Могущественные капиталисты, появившиеся в результате буржуазных революций в Европе, сосредоточили в своих руках значительную часть общественной власти. Они обладали достаточным влиянием, чтобы определять, кто должен править обществом. В принципе, их действия носили недальновидный характер и вели к саморазрушению. Они располагали достаточной властью и средствами, чтобы направить развитие общества к достижению невиданных социальных успехов. Я говорю не о строительстве дворцов, церквей, музеев и театров. Я имею в виду практическую реализацию их собственной концепции культуры. Вместо этого они полностью отмежевались от тех, кому нечего было продать, кроме своей рабочей силы.

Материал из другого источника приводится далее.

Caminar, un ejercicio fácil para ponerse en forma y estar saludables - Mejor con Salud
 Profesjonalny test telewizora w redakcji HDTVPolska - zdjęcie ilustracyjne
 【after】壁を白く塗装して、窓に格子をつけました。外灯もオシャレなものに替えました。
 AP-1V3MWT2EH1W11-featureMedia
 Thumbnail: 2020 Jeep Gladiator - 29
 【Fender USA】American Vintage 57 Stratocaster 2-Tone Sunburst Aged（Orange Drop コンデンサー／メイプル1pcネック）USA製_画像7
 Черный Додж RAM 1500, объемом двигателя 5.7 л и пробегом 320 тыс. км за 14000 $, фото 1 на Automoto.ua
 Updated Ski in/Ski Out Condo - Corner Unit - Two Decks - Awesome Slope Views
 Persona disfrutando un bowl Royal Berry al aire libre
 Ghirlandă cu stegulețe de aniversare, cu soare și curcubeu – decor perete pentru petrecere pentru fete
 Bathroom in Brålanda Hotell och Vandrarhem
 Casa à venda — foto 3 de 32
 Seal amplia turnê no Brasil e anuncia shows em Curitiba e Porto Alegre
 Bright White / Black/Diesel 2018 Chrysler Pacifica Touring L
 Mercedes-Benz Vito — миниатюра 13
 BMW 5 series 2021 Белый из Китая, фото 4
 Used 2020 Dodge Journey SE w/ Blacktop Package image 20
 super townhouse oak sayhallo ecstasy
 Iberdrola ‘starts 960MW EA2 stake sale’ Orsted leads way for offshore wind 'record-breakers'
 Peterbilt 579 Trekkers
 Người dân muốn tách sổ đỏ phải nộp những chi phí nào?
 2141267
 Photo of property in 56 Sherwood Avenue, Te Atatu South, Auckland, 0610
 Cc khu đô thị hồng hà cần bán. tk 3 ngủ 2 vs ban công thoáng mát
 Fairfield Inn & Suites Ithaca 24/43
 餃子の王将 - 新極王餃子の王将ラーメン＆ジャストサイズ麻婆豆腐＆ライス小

В душе они презирали "народ". Мелочность, ограниченность, цинизм, высокомерие, алчность, а нередко и беспринципность относятся к основным особенностям капиталистов. В Германии они помогли Гитлеру прийти к власти. Они оказались абсолютно недостойными той роли, которую общество отвело им. Они злоупотребляли своей ролью вместо того, чтобы использовать ее для осуществления руководства и воспитания народных масс. Они даже не смогли устранить опасности, угрожавшие существованию их собственной системы культуры. Они вырождались как общественный класс. Они понимали движения за демократические свободы в той мере, в какой были знакомы с производственными и общественными процессами. Но они ничего не делали, чтобы помочь этим движениям. Поощрялась показуха, а не знание. Свергнутые буржуазией феодалы в свое время поощряли развитие искусств и наук. Объективно говоря, искусство и наука значительно меньше интересовали буржуазию, чем аристократию. Если в 1848 году сыновья капиталистов проливали свою кровь на баррикадах, сражаясь за демократические идеалы, то в годы с 1920, по 1930 сыновья капиталистов использовали университетские кафедры для осмеивания демократических выступлений. Впоследствии они составили элитные войска фашистского шовинизма. Безусловно, они выполнили свою задачу, открыв мир для экономики. В то же время с помощью тарифной системы они существенно ограничили развитие международной экономики. Кроме того, они не знали, что делать с интернационализмом, возникшим в результате их экономических успехов. Как общественный класс они быстро одряхлели.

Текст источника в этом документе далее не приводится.